Rafael Puget a los veinte años.
Mi abuelo paterno era de Osseja, y de la Cerdaña francesa vino a estas tierras. Trajo consigo a su familia y su hijo mayor fue, andando el tiempo, mi padre. Mi abuelo Puget se estableció en Vich, donde construyó un caserón que, de mi tiempo, vendimos. En el caserón estableció una fábrica de hilados y tejidos, muy primitiva, accionada por mulas. En ciertos momentos mi familia llegó a tener cuarenta y ocho mulas en el establo. Estos animales, divididos en cuatro tandas de doce mulas, accionaban una noria la cual ponía en movimiento una complicada y ruidosa maquinaria de hilar y de tejer.

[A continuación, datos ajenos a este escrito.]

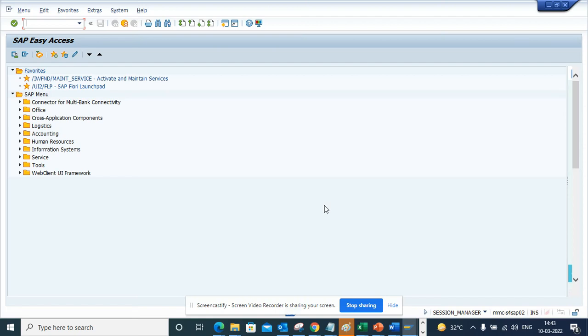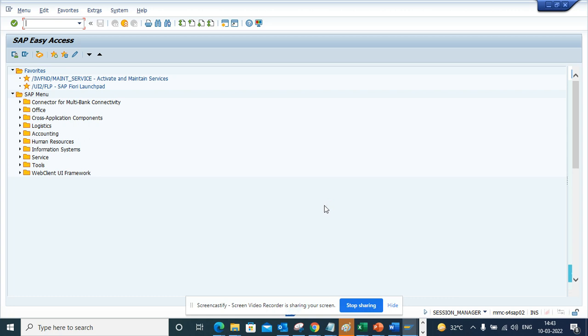Hi friends, today we are going to talk about how we can assign or change a package. Suppose you have created a program and assigned it to a certain package and you want to change that package, or you have created it as a local object and you want to assign it to a new workbench request.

El país, entonces, era virgen. Mi abuelo, el año 44, compró un pequeño salto de agua en Manlleu y se estableció allí con su familia. Vendió las viejas mulas y utilizó, en medio de la admiración general, la fuerza hidráulica. La prehistoria de la industrialización del textil en este país está unida a los desvelos de unos cuantos franceses.
Los Puget, de Osseja, fueron una de las familias más antiguas de la Cerdaña francesa.

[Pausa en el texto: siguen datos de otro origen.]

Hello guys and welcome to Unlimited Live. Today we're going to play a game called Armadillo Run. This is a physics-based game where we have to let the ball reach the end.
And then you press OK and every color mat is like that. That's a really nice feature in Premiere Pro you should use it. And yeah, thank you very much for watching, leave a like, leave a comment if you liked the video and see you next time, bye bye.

De chico oí hablar de los antepasados de mi familia. Recuerdo a Antonio del Puget, mariscal de campo y escritor, que nos ha dejado unas memorias que narran las turbulencias religiosas en el mediodía de Francia desde 1561 a 1596; al conde del Puget, militar y naturalista, que escribió varios tratados sobre la artillería de la época; Joseph Puget, marqués de Barlantane, militar y diplomático, nacido en Aviñón; a Luis Puget, naturalista, uno de los fundadores de la Academia de Lyon; a Luisa Puget, compositora, que murió en Pau, y a otro Puget también compositor, nacido en Nantes en 1850, que fue maestro de coros de la Ópera de París… Y dado que en las familias hay de todo, recordaré al convencional Puget que votó la decapitación de Luis XVI en la época de la Revolución.